E’ il caso della giovane Alona, di sedici anni che è stata accolta dalla sua classe con affetto e gioia. Alona racconta la sua esperienza di guerra.
”Era il 24 Febbraio, mi sono alzata alle 7,00 dovevo andare a scuola ma mia madre mi disse che la guerra era arrivata in città. Incredula ho aperto il telefono e ho iniziato a leggere le notizie. Non potevo crederci”. Sì la guerra era scoppiata anche nella cittadina di Alona a duecento kilometri da Kiev e la giovane continua il suo racconto.
”Era iniziate le bombe. Piangevo. Ho chiamato gli amici. Non potevo crederci. Bombe su tutta la città ogni minuto. Avevo tanta paura, panico, non potevo sapere cosa sarebbe accaduto. Nel cielo si vedevano sono aerei militari e si sentivano solo bombe. Quando gli aerei sorvolano su casa mia, la stessa quasi splendeva e il rumore era fortissimo. Temevo che una bomba di lì a poco sarebbe stata sganciata e la mia casa sarebbe stata distrutta. Poi le sirene, di corsa nel bunker e qui giù a piangere. Volevamo vivere. Incontravo nel bunker i miei amici e mi aggrappavo a loro”.
La guerra descritta dalla giovane sedicenne ucraina è crudele, così come traspare dalle sue parole ancora non metabolizzate. Poi la speranza di fuggire:”Sono rimasta in Ucraina per dodici giorni durante la guerra. Ho passato quel periodo nel bunker, con le sirene che suonavano sempre, senza mai dormire. Mangiavo velocemente con la mia famiglia perché eravamo consapevoli che le sirene sarebbero suonate subito. La mia città era completamente bombardata e allora solo la speranza di partire ci dava la forza di resistere. Giunti alla stazione con mia madre e mia sorella il treno la prima volta era troppo pieno e. allora il giorno seguente abbiamo deciso di andare in un’altra stazione”.
Il treno della speranza, quel treno che passa e può portare via dall’inferno che stava vivendo Alona e la sua famiglia. “Finalmente siamo riuscite a prenderlo e poi una volta arrivati al confine grazie a un bus siamo giunte in Polonia. Sedevo vicino a una donna sconosciuta con un bambino in braccio, chilometro dopo chilometro la paura passava. Forse eravamo salvi? Dopo parecchi chilometri una macchina ci aspettava e siamo arrivate a Milano”.
Alona pensava a quel punto che forse ce l’avevano fatta, forse erano salve ma il suo cuore e quello della sua famiglia ancora lacrima:”Mio padre è ancora in Ucraina. Combatte.
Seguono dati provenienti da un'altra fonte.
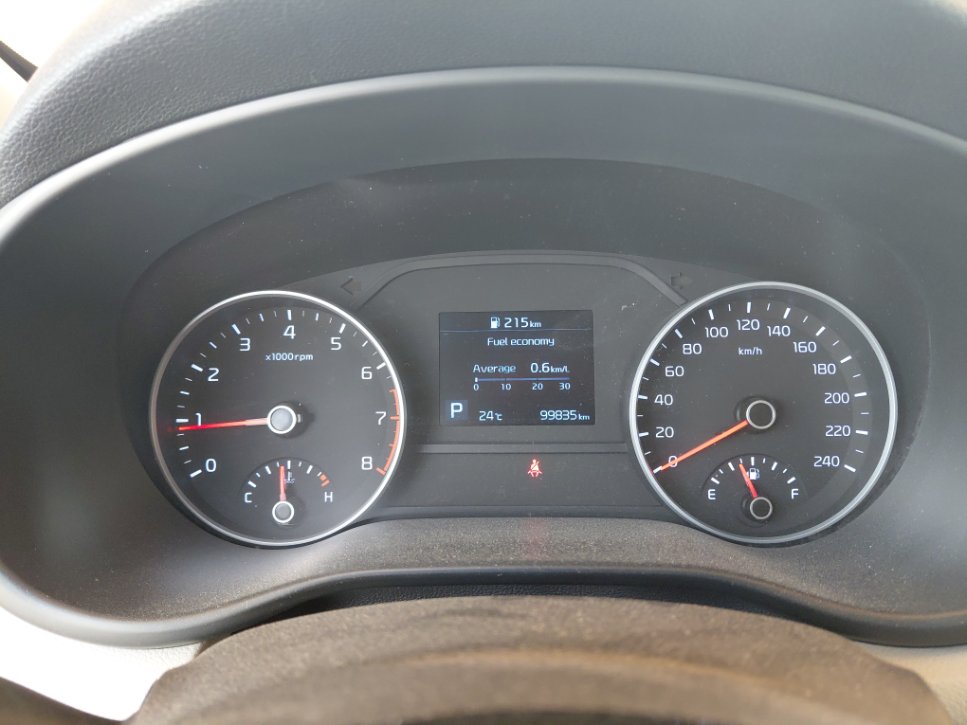 KIA Sportage QLE LX 4WD 2022 image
Resiste contro un nemico che per motivi futili ci ha tolto tutto, compresa la voglia di vivere. Prego per lui e, spero che questa guerra finisca presto”.
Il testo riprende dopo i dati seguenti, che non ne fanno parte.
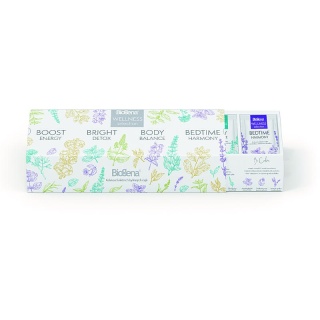 Biogena Wellness selection (4x10szt.)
Sì Alona spera, come speriamo tutti noi che le diplomazie possono far cessare le armi e perché per chi crede la speranza possa ancora accompagnare i nostri giorni? La testimonianza della giovane Alona che ora vive a Crema da alcuni parenti dimostra ancora una volta l’ingiustizia di una guerra che strappa ai giovani la voglia di vivere sereni e il diritto a farlo. Ancora una volta nella storia ci appaiono le loro lacrime, come quelle dei giovani ebrei deportati nei campi di concentramento e strappati ai loro genitori. Credevamo non fosse più possibile tutto ciò, purtroppo non è stato così!